After the creation of a website or a web application, the question of hosting arises. Azure Blob storage is an economical and easy to set up solution that allows you to store any type of static website. By static, I mean any application that consists of HTML, CSS, JS, images, etc... Angular applications are therefore part of it!
Throughout this article I will assume that you have a Microsoft Azure subscription, if you don't, you can get started for free by going to: https://azure.microsoft.com/free
Azure Blob Storage overview
Azure Blob Storage is the solution offered by Microsoft in its Azure global offering to store binaries in the cloud in an unstructured form. Only a virtual folder tree can be set up to organize the files stored there. For those to whom this speaks, this is the equivalent of Amazon S3.
Blob storage is part of a larger set of services, grouped under the name "Azure Storage Account" in which you have access to Table Storage (a very simple NoSQL basic service, doomed to be replaced by CosmosDB), Azure Files (allowing SMB type file sharing) and Azure Queue Storage (a queuing system also very easy to use).
Basically, Azure Blob Storage is not intended to host websites but via a specific configuration provided and supported by Microsoft that we will see together, it is possible to activate this feature very simply and to map a custom domain to it. to access.
Enabling content distribution in Azure Blob Storage
Creation of the blob storage
From the azure portal (portal.azure.com), you will need a new resource "Storage account" as explained above.
You will then have to enter the following information to create the storage account:
- Resource Group: The resource group in which to store the storage account that will be created. As a reminder, a resource group is used to bring together resources which have the same life cycle (creation / update / deletion).
- Storage account name: The name of your storage account. Must only contain lowercase letters or numbers and must be globally unique in Azure as a DNS will be created from this name.
- Location: The physical storage location of your Blob. To be put closer to your end users. We will discuss the possibility of making available on multi-region thanks to a CDN.
- Account kind: Keep StorageV2 because it is the one that contains the possibility to switch to website "mode".
- Replication: To choose the number of replicas you want to have in the data center and / or in other data centers than the one chosen above. Since a static website is not subject to a high risk of information loss (the source code should be hosted on a git), you can take the cheapest LRS option.
- Access Tier: The hot is to be preferred to reduce the cost of access (downloading of static files from the user) in return for a slightly more expensive cost per GB. This parameter can be modified on each container and even on each blob.
For the rest of the configuration pages, you can keep the default settings.
Activation of the web hosting service
In the detail page of your new Storage Account, look in the left side menu for the item 'Static Website'.
This will redirect you to the configuration page of the option allowing you to define the default page (usually index.html) as well as the page for the 404 NOT FOUND error (optional).

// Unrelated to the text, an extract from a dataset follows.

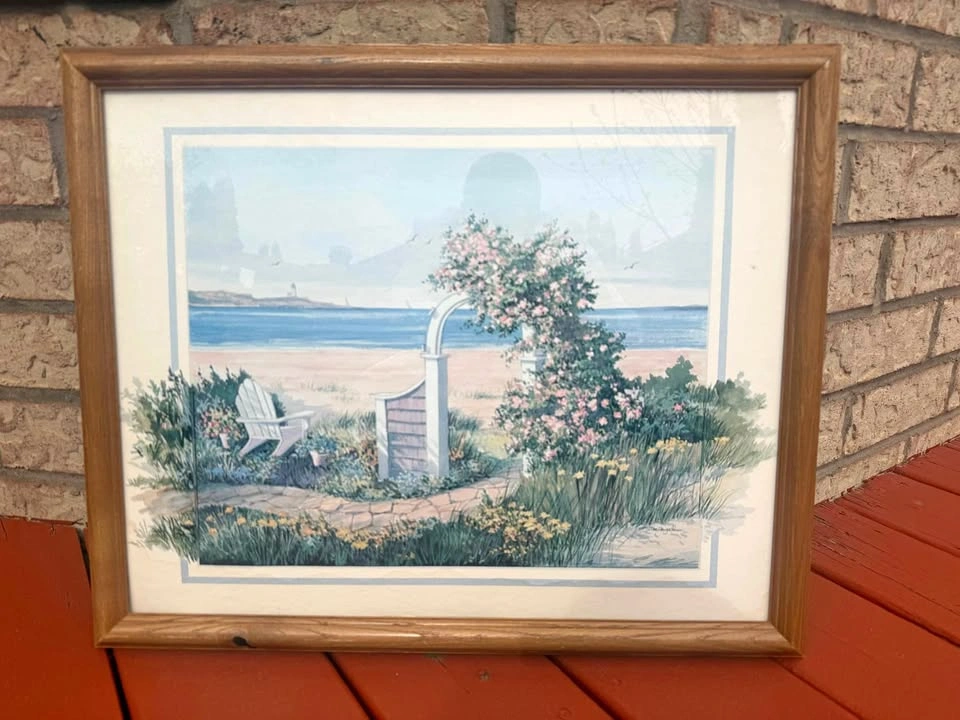 Framed Coastal Garden Wall Art – Beach Cottage Decor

After activating this option, a new container named
$web is created in the Blob storage as well as a new URL. You can directly try this web URL (in my case https://absandboxstorage.z6.web.core.windows.net) and find that you get... a 404 error! I assure you it's a good sign ;)
In the same Blob storage, you can create one or more containers to organize your Blobs. You can set the visibility of your blobs at the container level or at the individual blob level. In the case of the
$web container, the blobs it contains do not need to be upgraded to a public level because they will be served through the HTTP address specially provided for this purpose.
The web address points to our
$web container, but since we didn't put anything in it, we get this famous 404 NOT FOUND. To fill the container with your static site, you can directly use the Azure portal or use the "Azure Storage Explorer" Desktop application, which I strongly recommend.
To keep things simple, I am using the Azure portal here, which is integrating more and more features of the Storage Explorer. Click on the "Storage Explorer (Preview)" option on the left side menu, you can upload your HTML / CSS and JS files from here. For my part, I upload the static site made with Angular's pre-render, as I demonstrated in this blog post.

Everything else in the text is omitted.